# R.I.P my baby girl peaches & unknown amout of jojo's litter



## Elizabethm (Sep 10, 2010)

i bought peaches because i picked her up and she kissed my cheek. she was my first baby and my sweetest. i cant belives shes gone. she passed in my hands after kissing me farwell on my nose. this is also in memory of jojo's babies who were all lost over the weekend its so sad we didnt even get to meet them... however many there were

idk what else to say right now except that i know how other people who lose their best rat friend in life feel. :'(


----------



## littlematchstick (Apr 12, 2009)

*Re: R.I.P my baby girl peaches*

Im sorry for your loss, I just lost one of my girls a few days ago and will be having another put to sleep in the next day or two, so I know how you feel...

she was a beautiful girl.


----------



## Elizabethm (Sep 10, 2010)

*Re: R.I.P my baby girl peaches*

thank you. she was beautiful in every way and i will miss her tons. i am sorry for your loss and soon losses but at least they will be waiting for us when its our time. i like to hope peaches will be waiting for me


----------



## littlematchstick (Apr 12, 2009)

*Re: R.I.P my baby girl peaches*

Im sure she will be waiting..one day we will all be together again with our little furry kids.
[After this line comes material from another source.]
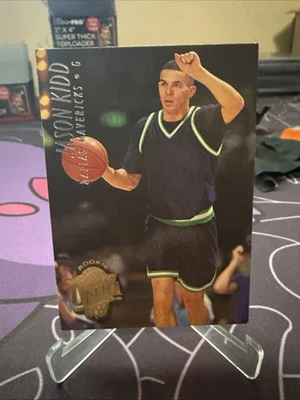 Tarjeta de novato Jason Kidd 1994-95 Fleer Ultra #43 Mavericks NBA HOF  Foto 1 de 2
Just take comfort in knowing shes not in any pain. Big hugs to you.


----------



## Elizabethm (Sep 10, 2010)

*Re: R.I.P my baby girl peaches*



littlematchstick said:


> Im sure she will be waiting..one day we will all be together again with our little furry kids. Just take comfort in knowing shes not in any pain. Big hugs to you.


as well as you.


----------



## Elizabethm (Sep 10, 2010)

sigh i cant think of any place good enough to bury my baby.


----------



## ema-leigh (Jan 24, 2010)

I'm sorry to hear you lost your girl :'( She was so beautiful! Was it old age? sickness? Poor baby. 

I would plant a flower or tree on her grave site, it would be nice to watch it grow.


----------



## Elizabethm (Sep 10, 2010)

i guess she got ill right after i left. she was in perfect health thurday before my visit. when she died she had labored breathing. i could have saved her if i had known somthing was wrong. i guess she didnt want me to know. she was only like 9 months old


----------



## ema-leigh (Jan 24, 2010)

They can go down hill so quickly  R.I.P little Peaches.

She'll be at the bridge taking care of Jojo's little ones.


----------



## Elizabethm (Sep 10, 2010)

i hope so. peaches was my young old woman. she was a young girl but when coco my little 7 week old female came to me peaches was mamma rat from the beginning. she protected coco from the other bullies in the cage. i hope she takes care of jojo's babies. i have no doubt shell be as amazing. she had such a personality. i can say peaches had more personality in her little body than i have in myself.


----------